Cell Counting Kit-8 (CCK-8) is a nontoxic, highly sensitive colorimetric assay for the determination of cell viability in cell cytotoxicity assays. The cytotoxicity of the S-layer protein for mouse DCs was measured using the CCK-8 assay.

Activation and adhesion of the S-layer protein to DCs

DCs grown in 12-well plates (106 cells per well) were incubated with the S-layer protein at a concentration of 400 μg/ml. Untreated DCs were used as the negative control and DCs treated with LPS were used as the positive control. After 24 h of treatment, the supernatant was collected, and the DCs were washed three times with PBS. The expression of maturation markers on the DCs surface of DCs was evaluated by flow cytometry. The IL-10 and TFN-α mRNA expression levels in the supernatant were evaluated by qRT-PCR. Binding of the S-layer protein to mouse DCs was detected by immunofluorescence assay.

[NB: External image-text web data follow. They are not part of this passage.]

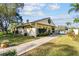 Community building with a brick pathway and landscaping at 1354 Shady Pine Way # H2, Tarpon Springs, FL 34688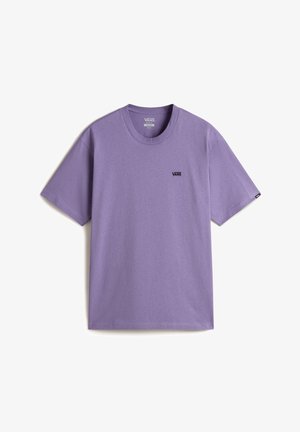 Man draagt een lichtpaars Vans t-shirt met korte mouwen en zwarte gewassen jeans, staat met één hand in de zak.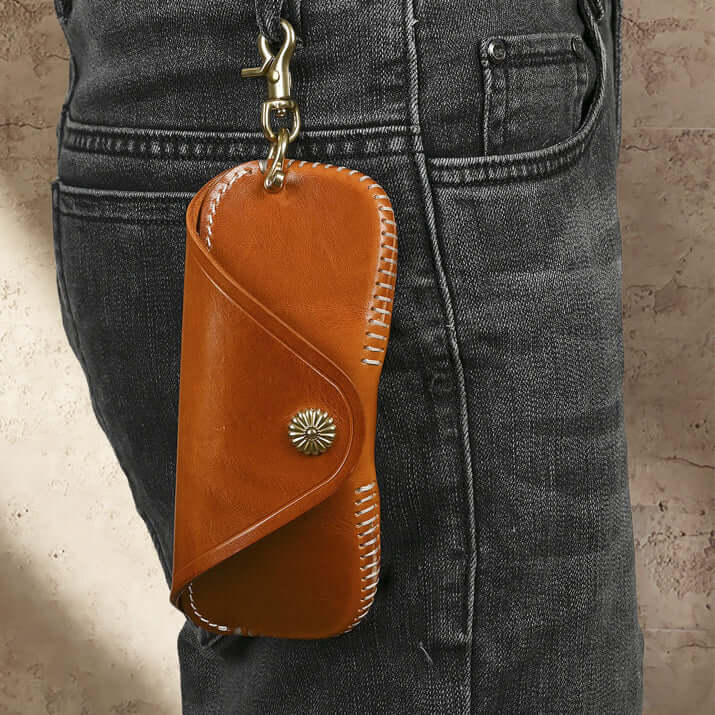 Italian Leather Glasses Case Handmade Vintage Sunglasses Holder hanging from a belt loop in a stylish brown leather design.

Infection of DCs with the H9N2 virus

H9N2 virus (106 EID50) was incubated with DCs grown in 12-well plates (106 cells per well) at 4°C with 1 μg/ml TPCK-trypsin. After 1 h incubation, the medium was removed and fresh medium (RPMI 1640 supplemented with 2% heat-inactivated FBS, 1% streptomycin and penicillin, 10 ng/ml GM-CSF, and 1 μg/ml TPCK-trypsin) was added. DCs were collected after 1 h and evaluated by flow cytometry. Alternatively, DCs were collected at 1, 6, 12, and 24 h for qRT-PCR. The adhesion of the H9N2 virus to mouse DCs was detected by immunofluorescence assay.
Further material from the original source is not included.